Xinhua news agency reports that the Internet and 3G mobile network of the Democratic People's Republic of Korea (DPRK) was paralysed around 7.30 pm Pyongyang time (1030 GMT) and had not been restored till 9.30 pm (1230 GMT).
The Internet was "very unstable" throughout the day and by evening, it had come to a "standstill."
Cyber security firm Dyn Research posted on Twitter that North Korea suffered a "country-wide internet blackout" on Saturday.
The second outage comes a day after the country blamed the United States over its earlier Internet outage; North Korea also compared US President Barack Obama to a "monkey."

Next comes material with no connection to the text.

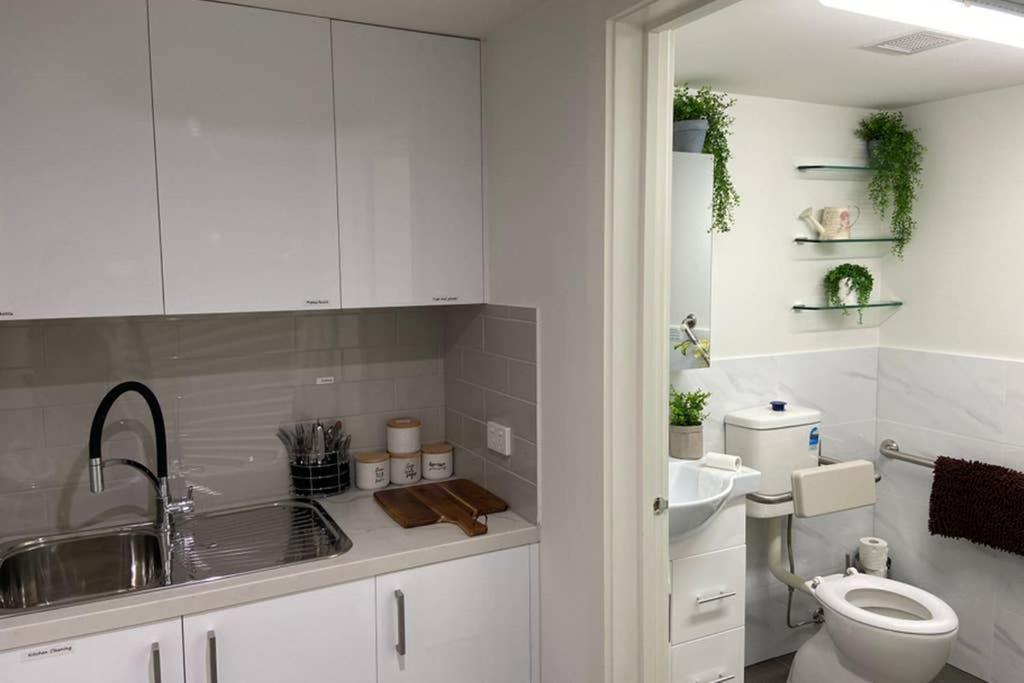 10A Brunswick Living Studio Close To Apt And Cbd Free Wifi Tram At Doorstep Melbourne Ngoại thất bức ảnh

The country's National Defence Commission headed by the country's supreme leader Kim Jong-un accused Obama of releasing the controversial comedy "The Interview."
The movie centres around the assassination plot of Kim Jong-un and North Korea has repeatedly said that it feels offended by the movie. While denying any role in the hacking of Sony Pictures, North Korean authorities have expressed anger over the movie's plot.

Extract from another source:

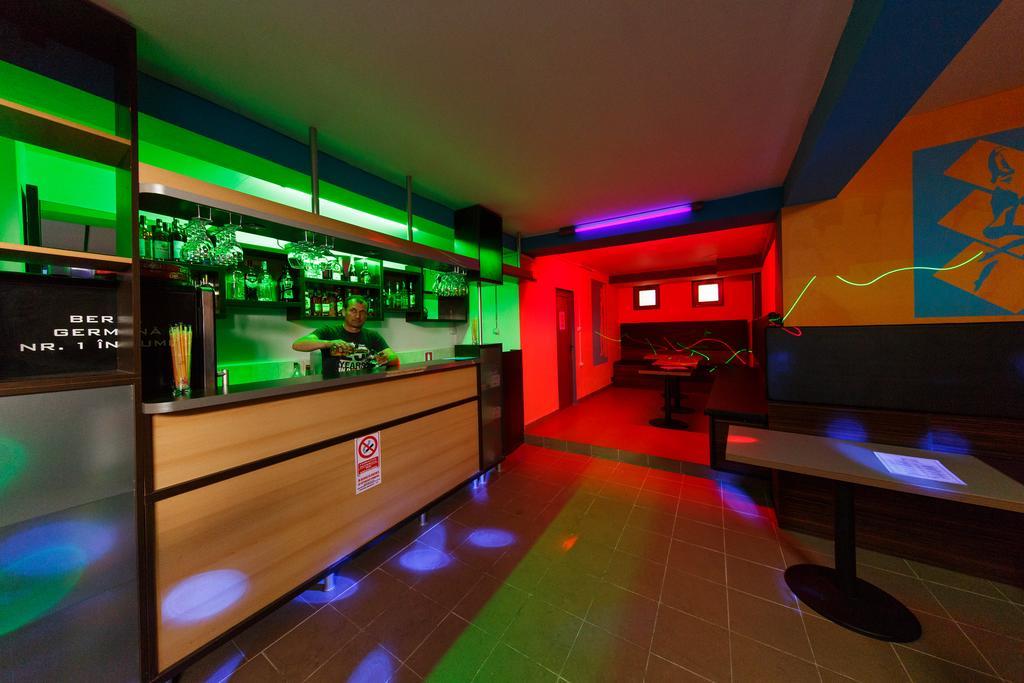 Sara'S Sons Hotell Băile Herculane Eksteriør bilde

Sony had initially called off the Christmas Day release after various theatres said they would not show it. However, after getting the ago ahead from the US President and under pressure from fans, "The Interview" was released in many theatres across the US and also on the digital space.
Needless to say, the release irked North Korea; the Defence Commission said that the movie was illegal, dishonest and reactionary.
"Obama always goes reckless in words and deeds like a monkey in a tropical forest," an unidentified spokesman at the commission's policy department said in a statement carried by the country's official Korean Central News Agency, The Kansas City Star reports.
The White House declined to comment on the issue.
This is not the first time that North Korean has hurled insults at the US President or other top US and South Korean officials. Earlier in 2014, North Korea called US Secretary of State John Kerry a "wolf" and a "hideous" lantern jaw, while terming South Korea's President Park Geun-hye a "prostitute."
North Korea has called President Obama a "monkey" earlier also. In May, North's official news agency published a post in which it was written that the US President has the "shape of a monkey," The Associated Press reports.
Further, the country blamed the United States for its Internet outages in the past week.
The spokesperson for North Korea's commission said, "The US, a big country, started disturbing the Internet operation of major media of the DPRK, not knowing shame like children playing tag."